Etesla and the group,

The graph that you show of RDSon versus Tj is normally measured using a pulsed technique. The gate source voltage of the MOSFET is fixed, in your case the Vgs is set to 10V.

A pulsed current, in the graph you show is 40A, is applied to the Drain source connections. The voltage across the Drain Source is measured with Kelvin connections. The current source is turned on for between 80us and 500us.
The duration of the current pulse is short to avoid self-heating. The duty-cycle of the current will be kept low.

The MOSFET is externally heated, on a hot plate or similar device and the RDSon can be measured as the temperature is changed. It assumed that Tj = Tcase.

Tektronix produced this video showing how to measure RDSon using a Keithley Sourcemeter (SMU).

Link:

Other instruments have similar capabilities, one early one was the Tektronix 176 pulsed fixtured in a 576 curve tracer.

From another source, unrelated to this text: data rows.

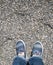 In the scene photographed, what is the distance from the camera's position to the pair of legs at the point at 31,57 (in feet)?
10.8

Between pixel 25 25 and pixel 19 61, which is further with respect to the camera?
pixel 25 25

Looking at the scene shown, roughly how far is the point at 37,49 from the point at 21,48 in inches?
6.6

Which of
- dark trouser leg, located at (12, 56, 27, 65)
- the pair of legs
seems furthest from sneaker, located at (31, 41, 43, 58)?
dark trouser leg, located at (12, 56, 27, 65)

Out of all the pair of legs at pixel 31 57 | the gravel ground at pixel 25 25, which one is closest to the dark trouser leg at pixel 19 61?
the pair of legs at pixel 31 57

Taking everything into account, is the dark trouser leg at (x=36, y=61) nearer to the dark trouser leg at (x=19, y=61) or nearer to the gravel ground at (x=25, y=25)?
the dark trouser leg at (x=19, y=61)

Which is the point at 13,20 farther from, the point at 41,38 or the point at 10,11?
the point at 41,38

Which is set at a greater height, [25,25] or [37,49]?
[25,25]

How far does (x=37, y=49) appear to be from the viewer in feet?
11.3

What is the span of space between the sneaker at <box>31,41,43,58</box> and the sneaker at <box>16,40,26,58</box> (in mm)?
94

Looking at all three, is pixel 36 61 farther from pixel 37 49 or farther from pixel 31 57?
pixel 37 49

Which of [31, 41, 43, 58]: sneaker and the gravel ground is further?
the gravel ground

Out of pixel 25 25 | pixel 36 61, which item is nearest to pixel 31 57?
pixel 36 61

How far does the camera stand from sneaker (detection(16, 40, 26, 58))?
3419mm

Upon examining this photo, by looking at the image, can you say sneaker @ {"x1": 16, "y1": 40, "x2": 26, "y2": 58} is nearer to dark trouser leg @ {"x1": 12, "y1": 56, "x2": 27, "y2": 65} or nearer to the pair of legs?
the pair of legs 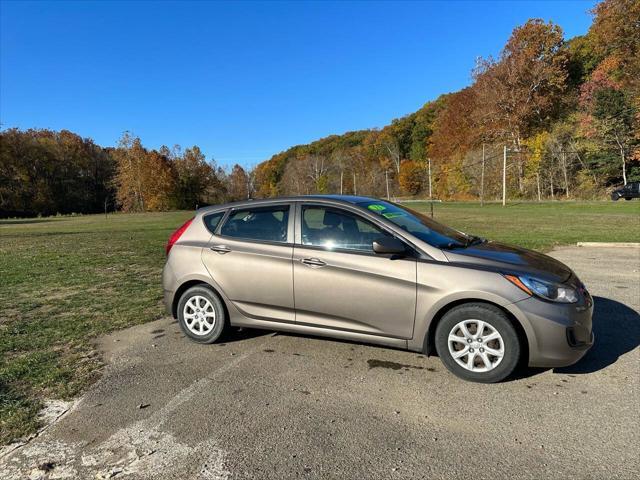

The measurement that you performed is very difficult.
When the MOSFET is off there is significant voltage across the MOSFET, enough to overload the amplifier being used. In fact your oscilloscope waveform shows 'Channel overrange' in the top left corner.

You need perfectly compensated voltage probes when doing this.

You also need to be aware of the oscilloscopes overdrive recovery.

You could be looking at how the over-driven voltage amplifier recovers and / or the transient response of the scope probe.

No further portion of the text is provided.